I like it because it's simple, and easy to read. The more it's used, the better - for the most part.


----------



## jole (Dec 10, 2006)

for print : 

DIN (not Adobe's "Engschrift" version, but FF's full family of weights and alternates)

PMN Caecilia (oh baby, i love you)

Helvetica Neue (f*** you, arial)

Thesis (Sans, Mix, Serif)

Berthold Akzidenz Grotesk

Univers

Linotype Projekt

Auto (by underware.nl)

Sauna (by underware.nl)

+

for screen :

- monaco 9px

- geneva 9px

- verdana 9px (like arial, verdana is another badly designed microsoft font which was successfully ported to screen for unsoftened-edge sizes (between 9px and 12px) but outside that range they are highly offensive.

+


----------



## rubaiyat (Dec 15, 2006)

eric2006 said:


> I like it because it's simple, and easy to read. The more it's used, the better - for the most part.



Arial! You've got to be kidding!
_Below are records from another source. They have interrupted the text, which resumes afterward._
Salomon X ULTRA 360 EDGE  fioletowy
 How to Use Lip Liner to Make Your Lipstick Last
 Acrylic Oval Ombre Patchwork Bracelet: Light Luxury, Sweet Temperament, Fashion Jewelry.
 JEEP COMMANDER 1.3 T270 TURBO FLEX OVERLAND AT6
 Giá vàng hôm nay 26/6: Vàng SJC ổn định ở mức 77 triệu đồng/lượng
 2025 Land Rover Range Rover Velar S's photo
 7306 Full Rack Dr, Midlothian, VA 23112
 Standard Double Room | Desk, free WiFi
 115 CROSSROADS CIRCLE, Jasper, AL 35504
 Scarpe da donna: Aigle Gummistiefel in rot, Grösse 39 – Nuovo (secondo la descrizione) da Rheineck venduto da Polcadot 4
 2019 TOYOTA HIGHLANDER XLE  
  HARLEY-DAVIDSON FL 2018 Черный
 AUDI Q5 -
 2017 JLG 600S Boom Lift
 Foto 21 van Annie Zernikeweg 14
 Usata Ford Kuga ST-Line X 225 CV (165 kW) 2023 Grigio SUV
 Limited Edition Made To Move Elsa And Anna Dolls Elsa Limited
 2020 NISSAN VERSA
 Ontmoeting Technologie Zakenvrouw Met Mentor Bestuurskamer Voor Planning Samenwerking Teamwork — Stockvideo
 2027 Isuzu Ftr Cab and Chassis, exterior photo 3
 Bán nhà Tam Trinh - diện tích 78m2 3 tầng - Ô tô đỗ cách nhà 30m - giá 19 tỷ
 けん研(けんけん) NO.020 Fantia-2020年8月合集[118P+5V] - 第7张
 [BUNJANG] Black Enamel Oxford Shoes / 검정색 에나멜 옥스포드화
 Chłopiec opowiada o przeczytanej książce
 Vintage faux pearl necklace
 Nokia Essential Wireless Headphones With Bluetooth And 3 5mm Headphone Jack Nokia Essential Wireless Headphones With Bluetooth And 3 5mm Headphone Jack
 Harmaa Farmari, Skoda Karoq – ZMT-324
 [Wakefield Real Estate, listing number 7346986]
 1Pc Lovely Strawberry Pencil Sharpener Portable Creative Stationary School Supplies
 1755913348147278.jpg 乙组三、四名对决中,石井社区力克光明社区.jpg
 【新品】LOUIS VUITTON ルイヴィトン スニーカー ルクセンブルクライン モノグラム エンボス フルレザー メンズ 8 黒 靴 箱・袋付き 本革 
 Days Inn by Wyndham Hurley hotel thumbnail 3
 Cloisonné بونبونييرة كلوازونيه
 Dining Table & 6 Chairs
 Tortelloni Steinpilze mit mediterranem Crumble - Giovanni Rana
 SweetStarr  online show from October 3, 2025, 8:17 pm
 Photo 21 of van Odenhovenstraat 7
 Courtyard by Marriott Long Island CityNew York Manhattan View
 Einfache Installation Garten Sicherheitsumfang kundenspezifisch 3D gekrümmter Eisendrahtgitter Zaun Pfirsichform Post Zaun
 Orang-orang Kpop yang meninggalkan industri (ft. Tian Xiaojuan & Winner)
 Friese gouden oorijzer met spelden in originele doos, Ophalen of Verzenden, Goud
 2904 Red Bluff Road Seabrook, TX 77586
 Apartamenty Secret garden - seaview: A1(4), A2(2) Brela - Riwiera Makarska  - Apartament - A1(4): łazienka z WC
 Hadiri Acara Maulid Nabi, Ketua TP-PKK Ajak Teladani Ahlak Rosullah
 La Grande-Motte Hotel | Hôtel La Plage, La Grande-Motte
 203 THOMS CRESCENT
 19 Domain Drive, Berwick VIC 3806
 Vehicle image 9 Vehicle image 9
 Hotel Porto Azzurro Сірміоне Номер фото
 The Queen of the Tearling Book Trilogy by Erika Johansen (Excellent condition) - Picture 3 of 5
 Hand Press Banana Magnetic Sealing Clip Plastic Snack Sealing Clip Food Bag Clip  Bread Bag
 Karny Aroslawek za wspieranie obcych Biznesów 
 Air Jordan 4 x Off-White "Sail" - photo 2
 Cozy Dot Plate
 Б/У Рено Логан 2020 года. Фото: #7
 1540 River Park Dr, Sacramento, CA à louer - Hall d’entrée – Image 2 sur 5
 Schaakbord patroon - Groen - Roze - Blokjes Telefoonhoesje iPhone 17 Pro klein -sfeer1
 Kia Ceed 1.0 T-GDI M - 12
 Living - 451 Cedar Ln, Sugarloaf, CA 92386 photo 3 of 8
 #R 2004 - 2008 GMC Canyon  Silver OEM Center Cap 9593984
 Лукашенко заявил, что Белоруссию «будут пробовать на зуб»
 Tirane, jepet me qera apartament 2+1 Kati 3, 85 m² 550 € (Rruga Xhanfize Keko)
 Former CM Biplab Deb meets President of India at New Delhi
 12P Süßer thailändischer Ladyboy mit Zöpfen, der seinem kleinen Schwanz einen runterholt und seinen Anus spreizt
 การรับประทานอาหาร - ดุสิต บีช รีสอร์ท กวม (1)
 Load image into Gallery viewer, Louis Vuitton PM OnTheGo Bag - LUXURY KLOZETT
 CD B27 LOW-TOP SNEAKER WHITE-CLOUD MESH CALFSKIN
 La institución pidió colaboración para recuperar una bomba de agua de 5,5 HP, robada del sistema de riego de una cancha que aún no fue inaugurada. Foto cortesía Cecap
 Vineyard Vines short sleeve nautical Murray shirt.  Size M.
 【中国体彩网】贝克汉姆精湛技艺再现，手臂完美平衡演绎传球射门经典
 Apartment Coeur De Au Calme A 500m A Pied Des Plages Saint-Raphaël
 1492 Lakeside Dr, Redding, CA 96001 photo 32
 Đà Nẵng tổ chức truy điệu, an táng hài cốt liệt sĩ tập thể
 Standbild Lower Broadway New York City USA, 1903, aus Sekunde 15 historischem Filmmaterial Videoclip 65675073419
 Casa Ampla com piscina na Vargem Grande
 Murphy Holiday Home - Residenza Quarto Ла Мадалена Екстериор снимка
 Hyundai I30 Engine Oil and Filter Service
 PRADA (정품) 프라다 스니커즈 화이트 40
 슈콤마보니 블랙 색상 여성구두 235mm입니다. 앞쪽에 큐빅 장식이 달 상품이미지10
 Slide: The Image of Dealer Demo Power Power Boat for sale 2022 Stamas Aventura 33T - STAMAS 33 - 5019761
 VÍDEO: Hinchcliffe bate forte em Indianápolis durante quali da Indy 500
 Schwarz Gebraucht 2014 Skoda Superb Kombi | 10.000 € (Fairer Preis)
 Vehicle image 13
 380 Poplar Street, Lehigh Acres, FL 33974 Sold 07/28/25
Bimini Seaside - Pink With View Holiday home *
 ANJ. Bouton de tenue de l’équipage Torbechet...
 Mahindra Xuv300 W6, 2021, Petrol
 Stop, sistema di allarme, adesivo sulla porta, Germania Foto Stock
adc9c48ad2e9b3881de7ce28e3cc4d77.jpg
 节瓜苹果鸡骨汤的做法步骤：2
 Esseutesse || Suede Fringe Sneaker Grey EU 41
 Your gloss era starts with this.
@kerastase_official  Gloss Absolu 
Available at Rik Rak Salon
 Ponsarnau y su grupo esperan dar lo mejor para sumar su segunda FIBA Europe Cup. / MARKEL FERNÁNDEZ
It is a poor screen font and as has been pointed out was a 2nd rate Monotype rip-off of the original Helvetica. 

Verdana, commissioned by Microsoft in a rare moment of good taste is a by far better screen font, except it seems to lack an italic version in OSX. Which is most strange.

Gill Sans should be used in small doses and not as a text font which I have frequently seen done. It is too overly geometric to read en masse.


----------



## Natobasso (Dec 15, 2006)

Georgia, baby!


----------



## reed (Dec 15, 2006)

tin doghouse?


----------